There always have been good technical reasons to tailor hardware to analytic database software. Data moves through disk controller, network, RAM, CPU and more, each with its own data rate. Getting different kinds of parts into the right balance doesn’t completely eliminate bottlenecks – the Wonderful One-Hoss Shay is poetic fiction – but it certainly can help. As a result, every analytic DBMS vendor of any size offers at least one of:
- A Type 0 appliance
- A Type 1 appliance
- A “recommended hardware configuration”
And beyond performance, appliances and pre-specified hardware configurations offer at least the possibility of easing installation, administration, and support.
There also are marketing reasons to offer an appliance or something appliance-like.
- To various extents, Oracle, Teradata, Microsoft, IBM, Netezza, and EMC are all telling the world that your hardware should be optimized for your analytic DBMS.
- Smaller vendors such as Vertica and Aster Data also tend to cobble together some sort of appliance, in part so they don’t have to say they disagree.

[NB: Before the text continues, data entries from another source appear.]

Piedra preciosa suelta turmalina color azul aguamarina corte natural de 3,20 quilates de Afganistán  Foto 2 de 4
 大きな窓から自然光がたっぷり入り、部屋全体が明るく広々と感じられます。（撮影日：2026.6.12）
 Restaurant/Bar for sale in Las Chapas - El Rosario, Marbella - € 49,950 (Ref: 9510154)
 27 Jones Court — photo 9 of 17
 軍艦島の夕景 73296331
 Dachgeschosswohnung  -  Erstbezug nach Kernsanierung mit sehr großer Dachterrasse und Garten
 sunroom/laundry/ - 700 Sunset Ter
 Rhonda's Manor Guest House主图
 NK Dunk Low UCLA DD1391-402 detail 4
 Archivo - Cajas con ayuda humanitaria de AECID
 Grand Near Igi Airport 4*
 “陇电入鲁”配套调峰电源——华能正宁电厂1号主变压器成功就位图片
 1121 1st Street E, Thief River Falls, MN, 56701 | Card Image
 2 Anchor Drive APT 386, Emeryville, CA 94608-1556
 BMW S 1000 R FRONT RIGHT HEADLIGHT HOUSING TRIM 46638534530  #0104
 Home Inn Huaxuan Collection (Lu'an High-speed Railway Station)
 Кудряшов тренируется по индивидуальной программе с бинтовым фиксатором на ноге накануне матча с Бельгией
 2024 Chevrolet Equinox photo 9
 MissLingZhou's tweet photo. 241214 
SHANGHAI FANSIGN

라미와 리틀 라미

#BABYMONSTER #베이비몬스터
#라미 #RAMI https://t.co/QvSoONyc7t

- Thus, a “We don’t see any point in special hardware assembly at all” story would leave an analytic DBMS vendor pretty far out on a limb.
Finally, there are three overlapping technical trends that increase the need for storage-awareness in analytic DBMS. First and foremost is the rise of solid-state memory. For starters, I believe:
- Flash will be important for analytic DBMS soon.
- There are good technical reasons for this.
- Oracle’s marketing will make a big deal out of the flash aspects of Exadata, so other analytic DBMS vendors will need a response. And of course, if Netezza or Teradata preemptively make a big deal of their flash-based offerings, that just adds to the pressure for Flash adoption on everybody else.
- But it’s not just flash – flash, other solid-state memory, and disk will be combined in various ways.
But this move to flash will require analytic DBMS vendors to be increasingly storage-aware for at least three reasons:
- It just adds another level of complexity to their hardware-balancing challenges.
- Flash overturns some of the fundamental assumptions of modern analytic DBMS, in particular:
- Sequential reads are hugely better than random
- The worst bottleneck is at the point where data comes out of storage.
- The flash technology stack is still immature, and you have to pick your poison in how to deal with it. Vendors are making very different choices in this regard – and they do have to choose.
Another trend that could naturally lead analytic DBMS vendors to be more storage-aware is their incorporation of what could be viewed as hierarchical storage/ILM technologies. Different data is stored in different ways and/or on different kinds of storage hardware. (Vendors pursuing – you guessed it – different approaches to this include Teradata, Greenplum, Vertica, and Sybase.) The more automatic that process is, the more storage-aware the DBMS will need to be.
Finally, there are reasons to think that DBMS should be split between conventional servers and smart storage. This is, of course, the Exadata strategy. Netezza’s two-processor approach, while rather different, also somewhat validates the idea.